Content starts
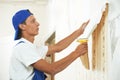 Painter worker peeling off wallpaper Royalty Free Stock Photo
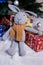 knitted elk. cute moose. toy against the background of a New Year\\\'s garland, knitted hare and elk on a Christmas tree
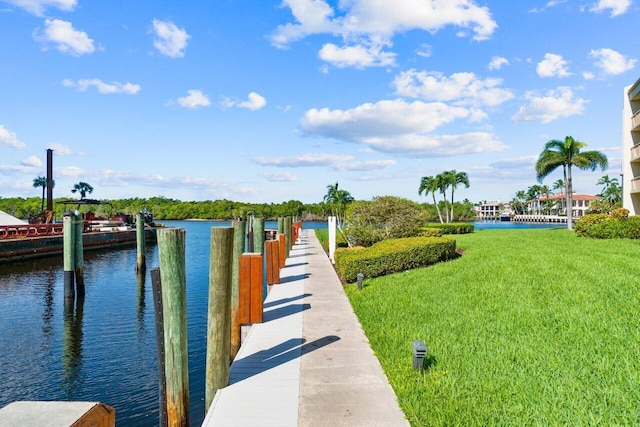 view of dock with a water view and a lawn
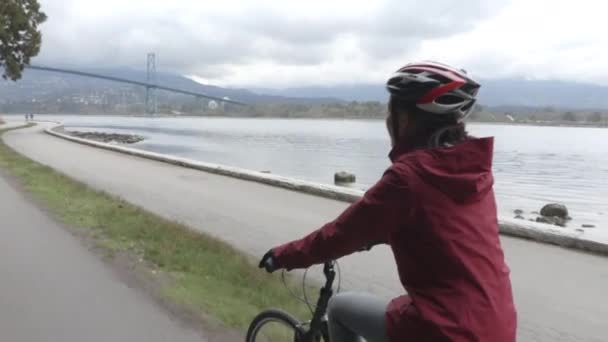 Radfahrerin radelt im Stanley Park an der Lions Gate Bridge am Vancouver Seawall — Stockvideo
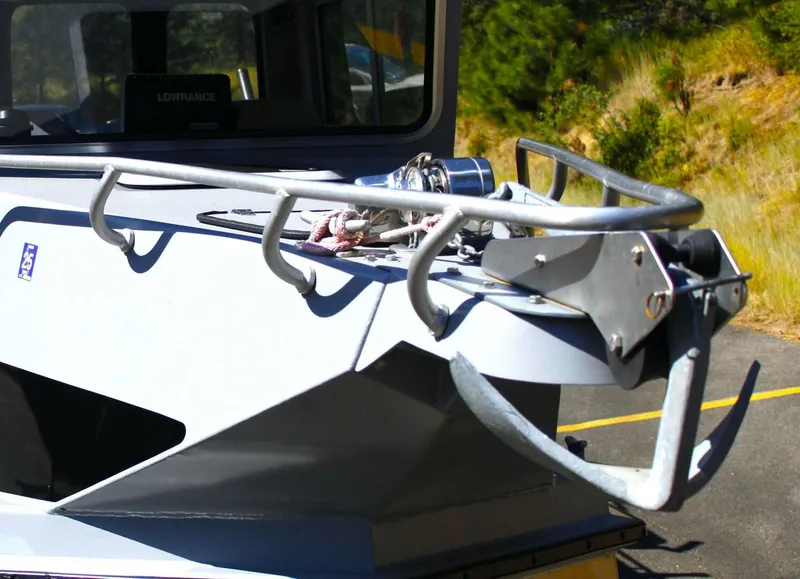 Slide: The Image of A gray boat with an anchor and ropes on the deck, surrounded by trees. - 14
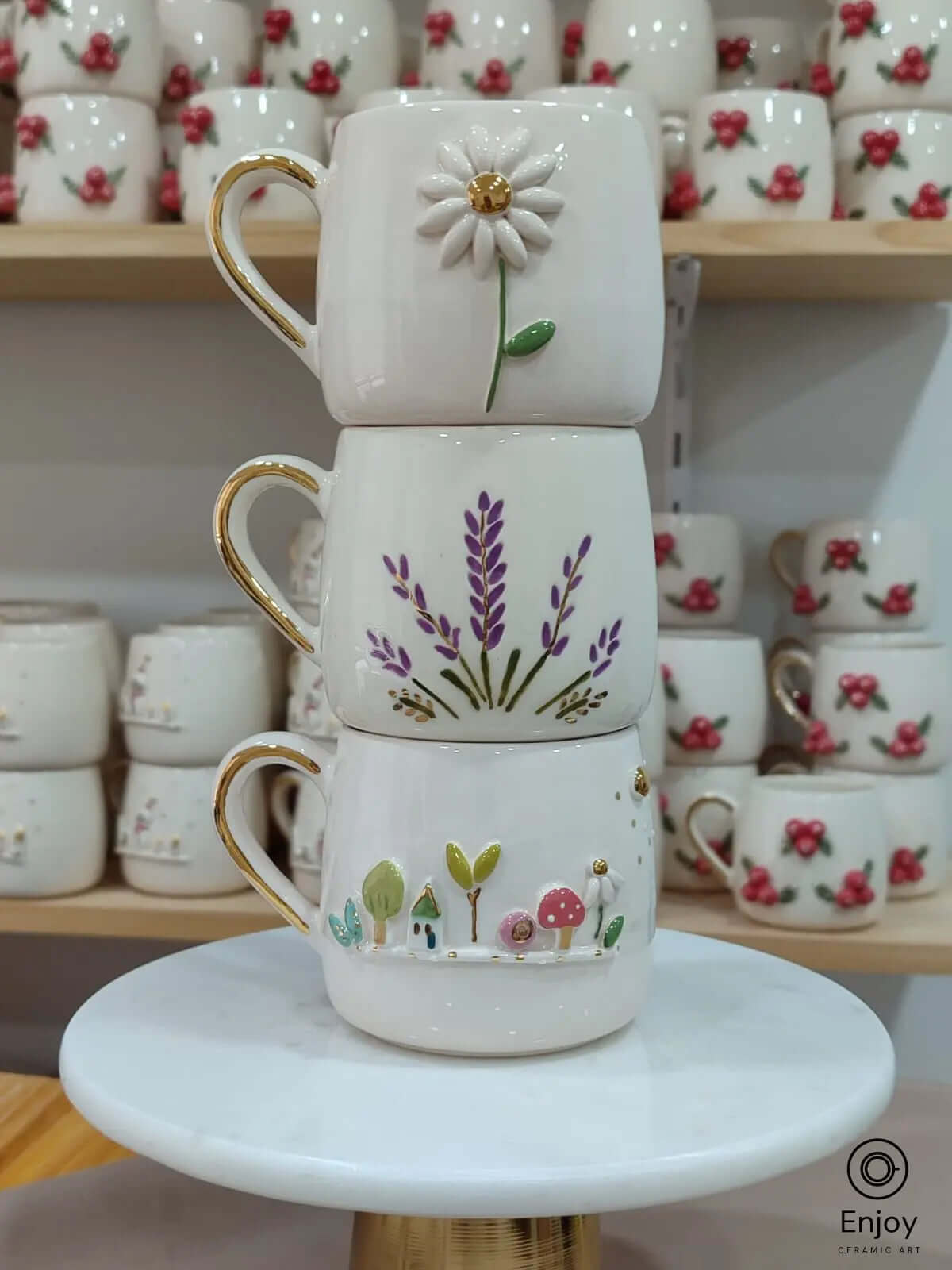 Set of three handmade ceramic mugs featuring daisy, lavender, and fairy garden designs, each with gold handles and detailing.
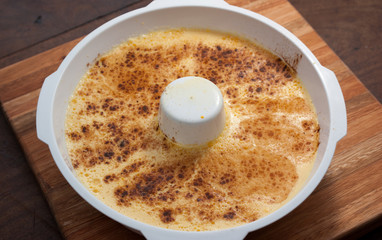 home made vanilla and cinnamon flan over a wooden table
Content ends
WHAT YOU NEED TO DO =>
Would you retype the lines from the line containing "Slide: The Image" to the final line of the entries above, exactly as given and without pictures?

ANSWER FOR THE TASK =>
 Slide: The Image of A gray boat with an anchor and ropes on the deck, surrounded by trees. - 14
 Set of three handmade ceramic mugs featuring daisy, lavender, and fairy garden designs, each with gold handles and detailing.
 home made vanilla and cinnamon flan over a wooden table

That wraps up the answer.